Musicheria. La rivista digitale di educazione al suono e alla musica

Come in un silenzioso slow

Maria Teresa Milano

Excursus su un aspetto della musica durante il fascismo

Sono trascorsi ormai novant’anni dalla fondazione dei Fasci di Combattimento, eppure il ventennio fascista, a dispetto del distacco temporale, ci appare vicino, quasi tangibile.

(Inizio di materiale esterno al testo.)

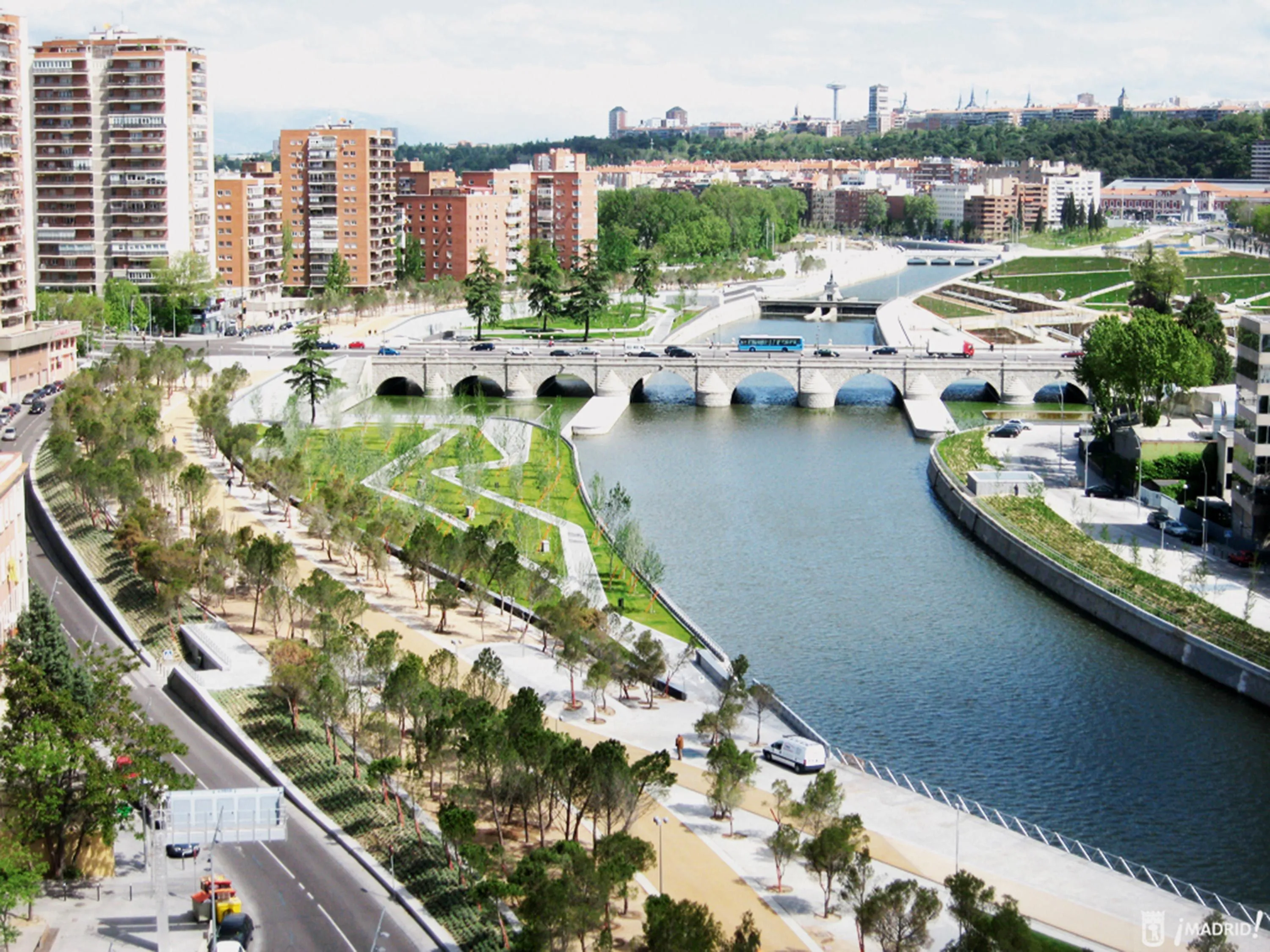 Photographie aérienne d'un parc urbain longeant une rivière à Madrid. Un pont en pierre traverse la rivière. Bâtiments modernes en arrière-plan.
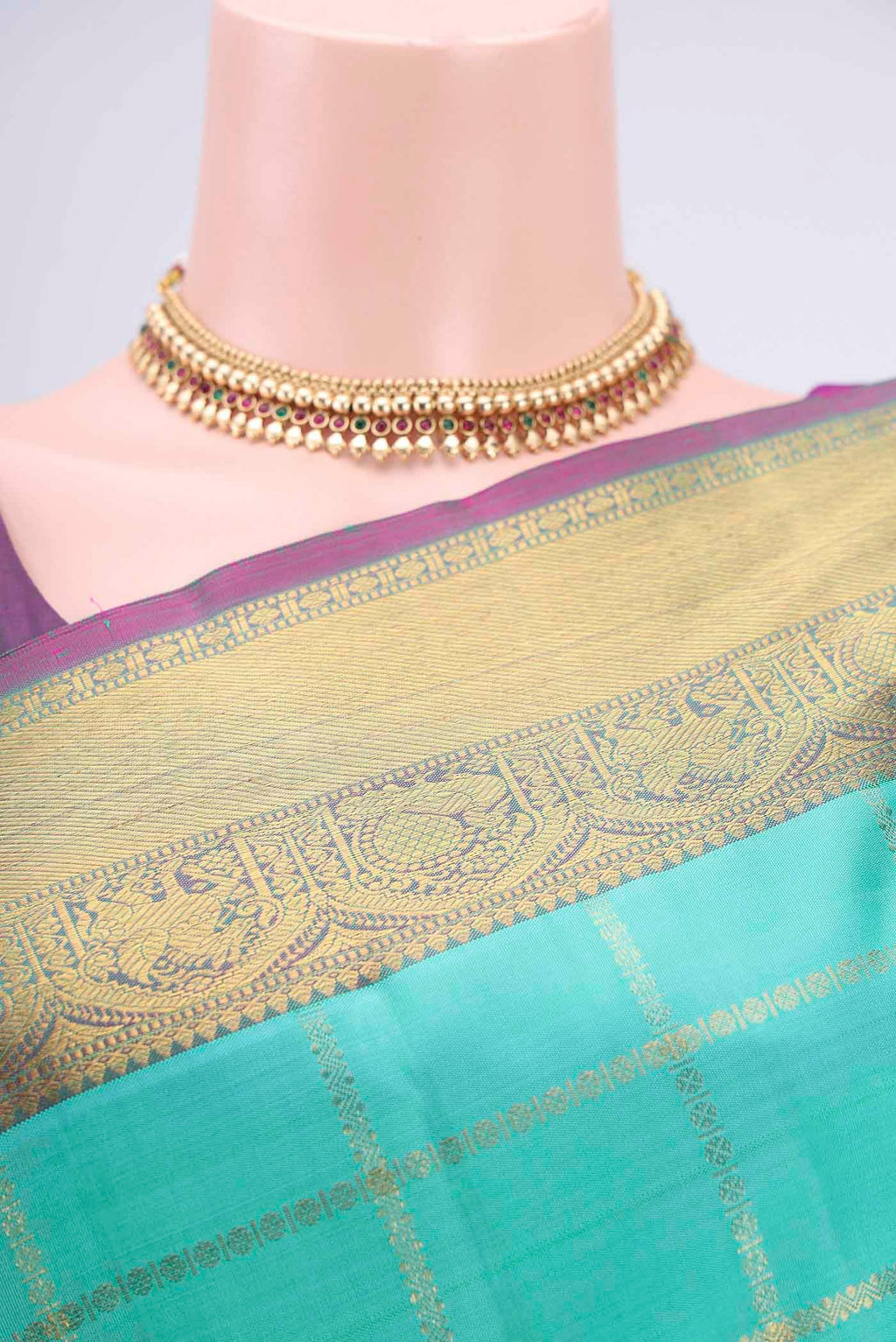 Border image of Turquoise Kanjivaram Saree with Zari Butta on the body and Zari Border.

A volte si presenta in un grandioso edificio marmoreo simbolo dell’architettura razionale o in una semplice stazione ferroviaria di paese, altre in uno splendido manifesto futurista; talora riaffiora dalle radio balilla in vendita ai mercatini delle pulci, altre dalla voce di chi decide di riproporre, magari con arrangiamenti “al passo con i tempi”, le amate canzoni trasmesse dall’EIAR negli anni Trenta e Quaranta. E mentre gli ultimi testimoni delle efferatezze di quel periodo vanno scomparendo, a noi rimane l’immagine-cliché, per qualcuno un po’ nostalgica, di un’epoca in cui i treni arrivavano puntuali, il controllo sociale funzionava alla perfezione e gli italiani erano davvero “brava gente”. Manganello e olio di ricino, intervento massiccio sulla vita del cittadino, persecuzione degli oppositori politici, leggi razziali. Tutto questo sembra in qualche modo offuscarsi quando si tratta di raccontare la “nostra storia”.